You may remember Leonard Cohen’s song: “First we take Manhattan, and then we take Berlin.” Well, this is happening under our eyes.

London fell several years ago, along with many other cities in the United Kingdom. Manhattan, or rather New York City as a whole, fell last fall. While Berlin still holds for now, Paris and several French regional capitals may follow this Sunday, in the second round of tense municipal elections. Paris has been ruled by the Socialists and their Communist and Green allies since 2001. That means a heady mix of social engineering, cronyism, and misgovernance.

Chances are, however, that a still more extreme municipal government could come next. The Socialist candidate, Emmanuel Grégoire, who takes pride in being a son and grandson of die-hard Communist militants, won nearly 38 percent of the vote in the first round, Sunday. His chief conservative contender, Rachida Dati, a former cabinet minister, came second with 25.46 percent.
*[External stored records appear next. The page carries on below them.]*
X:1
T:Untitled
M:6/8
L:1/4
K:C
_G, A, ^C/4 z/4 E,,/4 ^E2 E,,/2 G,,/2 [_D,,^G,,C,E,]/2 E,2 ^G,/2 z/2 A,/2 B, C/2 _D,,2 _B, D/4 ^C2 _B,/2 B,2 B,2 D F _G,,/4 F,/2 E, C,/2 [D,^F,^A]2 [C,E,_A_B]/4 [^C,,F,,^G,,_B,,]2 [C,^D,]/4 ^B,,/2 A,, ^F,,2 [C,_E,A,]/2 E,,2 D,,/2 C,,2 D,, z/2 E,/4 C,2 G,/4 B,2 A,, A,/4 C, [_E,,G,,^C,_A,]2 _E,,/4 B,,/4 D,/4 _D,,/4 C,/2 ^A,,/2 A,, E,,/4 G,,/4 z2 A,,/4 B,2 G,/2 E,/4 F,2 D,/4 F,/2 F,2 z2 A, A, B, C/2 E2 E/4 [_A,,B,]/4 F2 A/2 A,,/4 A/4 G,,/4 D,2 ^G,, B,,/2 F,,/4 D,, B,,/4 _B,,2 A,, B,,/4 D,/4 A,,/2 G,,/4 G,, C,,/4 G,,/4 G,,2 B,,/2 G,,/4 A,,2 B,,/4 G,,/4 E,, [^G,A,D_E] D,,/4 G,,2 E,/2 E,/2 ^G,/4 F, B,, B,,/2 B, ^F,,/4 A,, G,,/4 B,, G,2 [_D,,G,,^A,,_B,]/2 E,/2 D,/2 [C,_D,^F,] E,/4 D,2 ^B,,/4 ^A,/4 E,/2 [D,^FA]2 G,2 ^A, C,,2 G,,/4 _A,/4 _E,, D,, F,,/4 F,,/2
She was followed by a right-of-center Macronist, Pierre-Yves Bournazel, 11.34 percent, and a hardline conservative, Sarah Knafo, 10.40 percent. Since both Mr. Bournazel and Ms. Knafo stood down in favor of Ms. Dati, the actual balance of power seems to break down at 38 percent for the left v. 47 percent for the right.
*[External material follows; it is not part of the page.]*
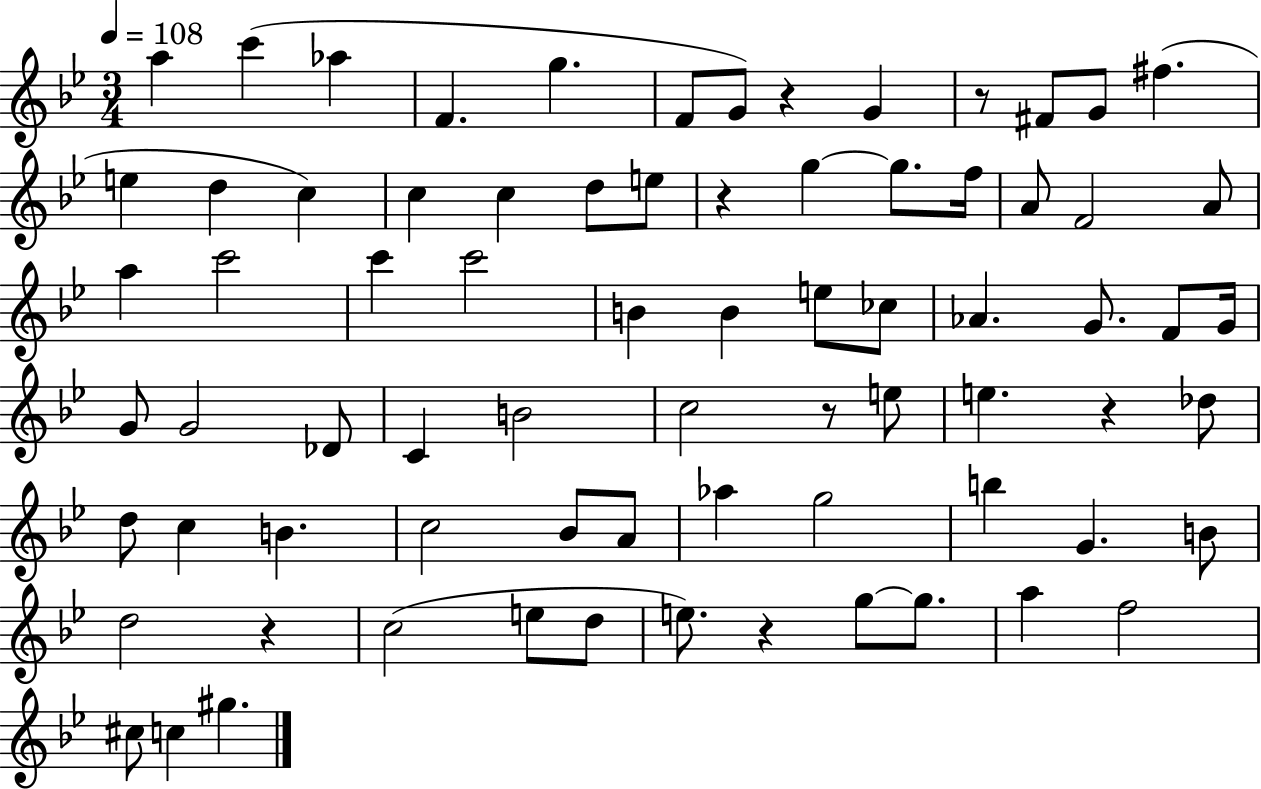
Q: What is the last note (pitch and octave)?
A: G#5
Everything will depend on the ultra-left candidate Sophia Chirikou, the companion of the demagogic leader, Jean-Luc Mélenchon, of the far-left party La France Insoumise, or France Unbowed. Ms. Chrikou won nearly 12 percent of the vote. She said she will run against both Mr. Grégoire and Ms. Dati. Yet she may withdraw at the last moment, thus granting Mr. Grégoire a vital reinforcement. The price for Mr. Grégoire to pay is to admit publicly he needs France Unbowed, both in the election and thereafter as a partner at City Hall. Thus, to pave the way for a Socialist–France Unbowed alliance in the presidential election next year.
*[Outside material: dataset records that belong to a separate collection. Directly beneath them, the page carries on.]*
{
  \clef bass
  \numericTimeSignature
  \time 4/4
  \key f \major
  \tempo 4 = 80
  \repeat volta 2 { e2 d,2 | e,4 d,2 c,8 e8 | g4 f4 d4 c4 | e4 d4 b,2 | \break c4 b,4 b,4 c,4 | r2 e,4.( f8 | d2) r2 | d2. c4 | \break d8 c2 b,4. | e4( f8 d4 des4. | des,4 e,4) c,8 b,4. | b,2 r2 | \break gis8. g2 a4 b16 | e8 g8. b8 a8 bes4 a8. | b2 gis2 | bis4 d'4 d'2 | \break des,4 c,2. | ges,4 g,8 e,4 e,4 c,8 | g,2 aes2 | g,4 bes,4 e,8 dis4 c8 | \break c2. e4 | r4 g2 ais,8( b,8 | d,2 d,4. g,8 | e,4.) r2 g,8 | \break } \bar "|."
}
Mr. Grégoire has repeatedly said he would not engage in such a deal. However, he also remarked that Ms. Dati “is my only adversary,” which may be understood to suggest that, by some standards, Ms. Chirikou is not an adversary at all.

Even more worrisome was France Unbowed’s proximity with a violent leftwing group, the Young Guard, that was involved last February in the fatal beating of a right-wing student.

Clearly, this is walking a tightrope. Opening to France Unbowed is not as arithmetically sound as it appears to be: it may turn away those of his first-round voters who supported him precisely because of his anti-France Unbowed stand. Moreover, it implies reneging on an earlier solemn promise of the Socialist party and the “democratic left” not to cooperate any longer with an increasingly fascistic ultra-left.

Mr Mélenchon’s alignment, since October 2023, with radical Islam, Hamas, Hezbollah, and the Iranian regime, as well as its rampant antisemitism, has alarmed numbers of more traditional social-democrats and liberals. Even more worrisome was France Unbowed’s proximity with a violent leftwing group, the Young Guard, that was involved last February in the fatal beating of Quentin Deranque, 23, a rightwing student.

Yet no sooner had the results come in than the Socialist Party’s first secretary, Olivier Faure, raised the possibility of “technical agreements” in the second ballot, if only to “block the far right.” This cynical about-turn threatens to drive a lasting wedge through this political camp. Whereas socialist candidates at Marseille and Strasbourg, respectively France’s second- and eighth-largest cities, rejected any deal with the Mélenchonists, their peers at Toulouse (France’s fourth-biggest city), Nantes (the sixth-largest), and many lesser places quickly surrendered. Likewise, the Green outgoing mayor of Bordeaux (France’s ninth-largest city), Pierre Hurmic, opposed the deal.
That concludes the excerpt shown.